Straddling the Ben Hai River, Hien Luong Bridge bisected the two Vietnams between 1954 to 1976. As the story goes, whenever the Saigon regime repainted their side of the bridge with a new color during the Vietnam War, the Democratic Republic of Vietnam would also repaint their side with the same color to signify their desire for a unified Vietnam.

Hien Luong Bridge in Vietnam's DMZ

Now painted blue on the north side and yellow on the south, there are grand reunification monuments located on both banks. A 1cm wide white line painted in the middle of bridge shows where the exact demarcation used to lie.

The old border between North and South Vietnam in the DMZ

Hien Luong Bridge ended up being one of the favourite things I did in Vietnam. For a long time I was the only person there and got some nice moody shots of the empty bridge. I also found the symbolism to be rather poignant.

At one point, an elderly Vietnamese couple who had stopped by asked me to help them take a photo. I thought they wanted the bridge, but they had wanted the monument with the giant flag of Vietnam.

Reunification monument

It made me wonder if they had experienced the war firsthand, and what they felt visiting the DMZ and seeing symbols of reunification. It likely held a personal and special significance to them.

Later, more people started arriving, including these three Vietnamese women donned in brilliant red outfits. I asked if I could take their picture and they kindly even posed for me.

Vietnamese women at Hien Luong Bridge

Tickets to see the bridge and accompanying museum cost 50,000 VND per person (as of September 2022).

(Non-)DMZ Stop #3: La Vang Holy Land

La Vang bell tower

Not exactly related to the DMZ, but also located in Quang Tri Province, is a spot which locals claim was visited by the Virgin Mary in 1798. Today, La Vang has become a major pilgrimage spot in Vietnam, with a festival held every August drawing Catholics from all around the world.

Statue of Virgin Mary at La Vang Holy Land

The land was deemed as being holy after the alleged appearance, with a church constructed in the area. While the basilica was destroyed during the Vietnam War in 1972, the bell tower still stands in all its crumbling glory.

Bell tower at La Vang

There is also a statue just under four metres high of the Virgin Mary holding baby Jesus, and 14 other sculptures which tell the story of Jesus being led to crucifixion. The day I went, there were a handful of people sitting on the side of the statue, chanting something over and over. I assume it was the Lord’s Prayer or something similar in Vietnamese.

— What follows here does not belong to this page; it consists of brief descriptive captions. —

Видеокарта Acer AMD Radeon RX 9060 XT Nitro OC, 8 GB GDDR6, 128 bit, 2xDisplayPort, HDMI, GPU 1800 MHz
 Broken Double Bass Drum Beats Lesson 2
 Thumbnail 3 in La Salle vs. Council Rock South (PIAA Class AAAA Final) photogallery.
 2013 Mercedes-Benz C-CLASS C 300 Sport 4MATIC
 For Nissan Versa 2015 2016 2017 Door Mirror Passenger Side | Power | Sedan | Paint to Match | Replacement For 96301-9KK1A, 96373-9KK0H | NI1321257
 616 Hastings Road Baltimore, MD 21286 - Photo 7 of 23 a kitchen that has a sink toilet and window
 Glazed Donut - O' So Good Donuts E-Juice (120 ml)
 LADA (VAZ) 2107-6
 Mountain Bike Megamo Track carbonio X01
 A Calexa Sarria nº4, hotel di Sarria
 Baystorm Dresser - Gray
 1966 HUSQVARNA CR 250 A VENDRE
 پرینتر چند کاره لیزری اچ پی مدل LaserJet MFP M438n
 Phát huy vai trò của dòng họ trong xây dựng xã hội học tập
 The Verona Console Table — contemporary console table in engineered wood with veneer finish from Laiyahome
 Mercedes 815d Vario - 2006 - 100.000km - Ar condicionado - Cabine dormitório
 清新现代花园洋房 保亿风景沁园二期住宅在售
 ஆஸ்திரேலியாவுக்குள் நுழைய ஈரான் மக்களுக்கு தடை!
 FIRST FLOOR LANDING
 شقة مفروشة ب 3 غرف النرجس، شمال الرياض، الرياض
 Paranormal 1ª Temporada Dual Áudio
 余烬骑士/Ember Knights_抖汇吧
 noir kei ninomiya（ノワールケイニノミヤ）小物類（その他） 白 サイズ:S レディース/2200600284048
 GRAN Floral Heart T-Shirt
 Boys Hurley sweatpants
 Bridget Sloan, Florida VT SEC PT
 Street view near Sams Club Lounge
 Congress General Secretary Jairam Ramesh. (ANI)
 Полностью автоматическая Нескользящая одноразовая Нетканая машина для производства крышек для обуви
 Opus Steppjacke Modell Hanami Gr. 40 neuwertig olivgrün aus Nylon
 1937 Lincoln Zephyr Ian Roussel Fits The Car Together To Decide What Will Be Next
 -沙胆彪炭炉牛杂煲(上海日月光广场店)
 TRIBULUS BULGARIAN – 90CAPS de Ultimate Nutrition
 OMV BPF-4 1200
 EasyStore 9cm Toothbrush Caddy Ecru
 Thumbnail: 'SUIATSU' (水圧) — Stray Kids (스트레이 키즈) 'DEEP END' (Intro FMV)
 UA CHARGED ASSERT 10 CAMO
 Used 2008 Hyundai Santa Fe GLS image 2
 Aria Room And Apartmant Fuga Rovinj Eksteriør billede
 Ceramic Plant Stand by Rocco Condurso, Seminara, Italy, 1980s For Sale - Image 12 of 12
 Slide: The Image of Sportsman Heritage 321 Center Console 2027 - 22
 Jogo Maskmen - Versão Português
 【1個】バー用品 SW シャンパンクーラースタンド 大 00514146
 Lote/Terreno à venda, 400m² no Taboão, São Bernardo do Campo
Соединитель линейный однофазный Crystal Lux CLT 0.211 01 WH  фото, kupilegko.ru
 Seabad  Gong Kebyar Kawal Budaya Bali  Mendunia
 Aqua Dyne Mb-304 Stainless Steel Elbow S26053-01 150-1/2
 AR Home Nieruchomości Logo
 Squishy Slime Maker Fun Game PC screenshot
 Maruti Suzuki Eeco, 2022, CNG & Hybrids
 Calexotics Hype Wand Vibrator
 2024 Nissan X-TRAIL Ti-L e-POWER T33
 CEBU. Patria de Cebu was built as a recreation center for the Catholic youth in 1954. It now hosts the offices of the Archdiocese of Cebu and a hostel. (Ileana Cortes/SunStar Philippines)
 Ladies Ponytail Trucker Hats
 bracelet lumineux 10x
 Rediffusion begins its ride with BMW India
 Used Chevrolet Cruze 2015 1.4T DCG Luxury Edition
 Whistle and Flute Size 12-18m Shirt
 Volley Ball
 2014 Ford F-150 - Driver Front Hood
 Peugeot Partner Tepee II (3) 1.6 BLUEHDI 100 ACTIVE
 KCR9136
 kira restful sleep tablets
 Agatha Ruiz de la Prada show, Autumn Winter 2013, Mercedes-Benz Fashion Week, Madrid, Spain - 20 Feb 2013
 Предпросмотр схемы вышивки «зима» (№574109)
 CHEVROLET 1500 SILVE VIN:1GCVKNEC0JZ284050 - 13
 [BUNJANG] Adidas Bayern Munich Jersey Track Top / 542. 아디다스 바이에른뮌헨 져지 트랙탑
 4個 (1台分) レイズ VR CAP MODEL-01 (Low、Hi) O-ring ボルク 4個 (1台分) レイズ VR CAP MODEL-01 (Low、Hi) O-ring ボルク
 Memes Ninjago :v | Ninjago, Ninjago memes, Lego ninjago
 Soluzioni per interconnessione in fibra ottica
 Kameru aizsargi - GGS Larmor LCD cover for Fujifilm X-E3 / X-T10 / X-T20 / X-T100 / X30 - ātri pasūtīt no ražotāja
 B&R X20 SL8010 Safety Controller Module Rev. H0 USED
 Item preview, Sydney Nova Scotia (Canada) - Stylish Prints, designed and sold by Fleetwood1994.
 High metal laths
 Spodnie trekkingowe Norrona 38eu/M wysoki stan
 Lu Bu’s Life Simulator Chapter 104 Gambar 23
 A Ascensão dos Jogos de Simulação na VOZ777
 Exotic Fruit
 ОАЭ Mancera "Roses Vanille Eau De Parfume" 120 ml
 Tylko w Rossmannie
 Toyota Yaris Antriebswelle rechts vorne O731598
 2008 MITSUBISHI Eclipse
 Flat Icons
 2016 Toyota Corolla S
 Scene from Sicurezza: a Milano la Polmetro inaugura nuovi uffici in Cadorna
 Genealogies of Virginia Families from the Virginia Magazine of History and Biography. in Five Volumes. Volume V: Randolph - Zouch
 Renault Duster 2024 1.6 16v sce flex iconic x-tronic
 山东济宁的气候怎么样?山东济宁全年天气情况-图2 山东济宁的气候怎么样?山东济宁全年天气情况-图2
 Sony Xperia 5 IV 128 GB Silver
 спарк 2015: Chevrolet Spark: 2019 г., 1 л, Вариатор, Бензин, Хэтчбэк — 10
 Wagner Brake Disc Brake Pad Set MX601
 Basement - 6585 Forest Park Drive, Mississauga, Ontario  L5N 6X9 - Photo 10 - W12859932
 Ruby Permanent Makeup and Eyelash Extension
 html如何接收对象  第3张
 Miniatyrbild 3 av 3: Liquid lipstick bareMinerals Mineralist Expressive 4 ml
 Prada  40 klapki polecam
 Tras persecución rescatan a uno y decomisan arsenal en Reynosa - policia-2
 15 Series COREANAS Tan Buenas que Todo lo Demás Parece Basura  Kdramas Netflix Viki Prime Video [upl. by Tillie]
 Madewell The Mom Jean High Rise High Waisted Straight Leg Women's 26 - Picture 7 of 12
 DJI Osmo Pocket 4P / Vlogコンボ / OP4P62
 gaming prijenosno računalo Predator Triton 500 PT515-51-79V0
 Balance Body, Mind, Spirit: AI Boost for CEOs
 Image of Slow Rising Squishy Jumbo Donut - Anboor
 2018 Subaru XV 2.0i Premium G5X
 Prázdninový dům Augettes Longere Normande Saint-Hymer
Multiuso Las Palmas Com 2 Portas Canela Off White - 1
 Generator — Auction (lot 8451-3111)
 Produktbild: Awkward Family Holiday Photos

Statue of Virgin Mary at La Vang Holy Land

The other well-known feature of La Vang Holy Land is a well believed to contain water that can cure any disease. Many people come to drink it out of respect.

"Holy" drinking water

Visiting La Vang is free.

Wrapping up

The distance from Dong Hoi to Hue is around 165 km, around a three hour drive without stops. Adding the three stops above, which I explored at my leisure, the transfer ended up taking around six hours. I only booked a driver, as I did not find a guide necessary. Reading up a little beforehand and using the explanations on-site were more than sufficient for me, and I had a lot of fun taking photos and videos.

While I didn’t have time to visit other former Vietnam DMZ sites like Khe Sanh Combat Base, Camp Carroll and Hamburger Hill, I felt the two spots alone were already extremely educational for the average traveller. If you are a war history buff, you can book full day tours that will take you all the spots, or arrange an custom itinerary with a driver.